DATASET EXCERPTS ::
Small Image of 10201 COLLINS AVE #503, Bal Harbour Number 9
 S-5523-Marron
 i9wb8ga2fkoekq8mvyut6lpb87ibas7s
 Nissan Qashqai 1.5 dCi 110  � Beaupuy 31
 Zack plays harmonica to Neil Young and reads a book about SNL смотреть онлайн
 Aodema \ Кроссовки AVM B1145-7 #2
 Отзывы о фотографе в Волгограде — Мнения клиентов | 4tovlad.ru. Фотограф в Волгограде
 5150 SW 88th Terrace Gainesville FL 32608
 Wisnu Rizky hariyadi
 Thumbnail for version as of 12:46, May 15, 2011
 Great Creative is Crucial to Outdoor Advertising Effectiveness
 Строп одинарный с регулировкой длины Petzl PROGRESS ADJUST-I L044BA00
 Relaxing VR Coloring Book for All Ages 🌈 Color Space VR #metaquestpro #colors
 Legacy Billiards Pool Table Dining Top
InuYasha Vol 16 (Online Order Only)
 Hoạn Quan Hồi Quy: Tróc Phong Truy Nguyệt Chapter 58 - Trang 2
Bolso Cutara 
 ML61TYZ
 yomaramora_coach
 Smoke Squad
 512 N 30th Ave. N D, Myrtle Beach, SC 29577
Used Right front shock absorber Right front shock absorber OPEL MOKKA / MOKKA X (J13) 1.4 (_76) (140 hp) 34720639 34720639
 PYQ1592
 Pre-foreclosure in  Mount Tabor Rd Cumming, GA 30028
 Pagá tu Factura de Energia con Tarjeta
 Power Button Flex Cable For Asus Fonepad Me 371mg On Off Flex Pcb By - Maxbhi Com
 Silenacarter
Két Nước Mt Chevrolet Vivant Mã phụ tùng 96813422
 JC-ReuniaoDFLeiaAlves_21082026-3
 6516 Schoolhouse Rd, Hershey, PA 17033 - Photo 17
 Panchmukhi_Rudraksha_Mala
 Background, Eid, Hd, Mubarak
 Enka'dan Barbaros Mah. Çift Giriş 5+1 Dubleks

TASK INSTRUCTIONS :: Reproduce every single entry above exactly.

RESULT OF THIS TASK ::
Small Image of 10201 COLLINS AVE #503, Bal Harbour Number 9
 S-5523-Marron
 i9wb8ga2fkoekq8mvyut6lpb87ibas7s
 Nissan Qashqai 1.5 dCi 110  � Beaupuy 31
 Zack plays harmonica to Neil Young and reads a book about SNL смотреть онлайн
 Aodema \ Кроссовки AVM B1145-7 #2
 Отзывы о фотографе в Волгограде — Мнения клиентов | 4tovlad.ru. Фотограф в Волгограде
 5150 SW 88th Terrace Gainesville FL 32608
 Wisnu Rizky hariyadi
 Thumbnail for version as of 12:46, May 15, 2011
 Great Creative is Crucial to Outdoor Advertising Effectiveness
 Строп одинарный с регулировкой длины Petzl PROGRESS ADJUST-I L044BA00
 Relaxing VR Coloring Book for All Ages 🌈 Color Space VR #metaquestpro #colors
 Legacy Billiards Pool Table Dining Top
InuYasha Vol 16 (Online Order Only)
 Hoạn Quan Hồi Quy: Tróc Phong Truy Nguyệt Chapter 58 - Trang 2
Bolso Cutara 
 ML61TYZ
 yomaramora_coach
 Smoke Squad
 512 N 30th Ave. N D, Myrtle Beach, SC 29577
Used Right front shock absorber Right front shock absorber OPEL MOKKA / MOKKA X (J13) 1.4 (_76) (140 hp) 34720639 34720639
 PYQ1592
 Pre-foreclosure in  Mount Tabor Rd Cumming, GA 30028
 Pagá tu Factura de Energia con Tarjeta
 Power Button Flex Cable For Asus Fonepad Me 371mg On Off Flex Pcb By - Maxbhi Com
 Silenacarter
Két Nước Mt Chevrolet Vivant Mã phụ tùng 96813422
 JC-ReuniaoDFLeiaAlves_21082026-3
 6516 Schoolhouse Rd, Hershey, PA 17033 - Photo 17
 Panchmukhi_Rudraksha_Mala
 Background, Eid, Hd, Mubarak
 Enka'dan Barbaros Mah. Çift Giriş 5+1 Dubleks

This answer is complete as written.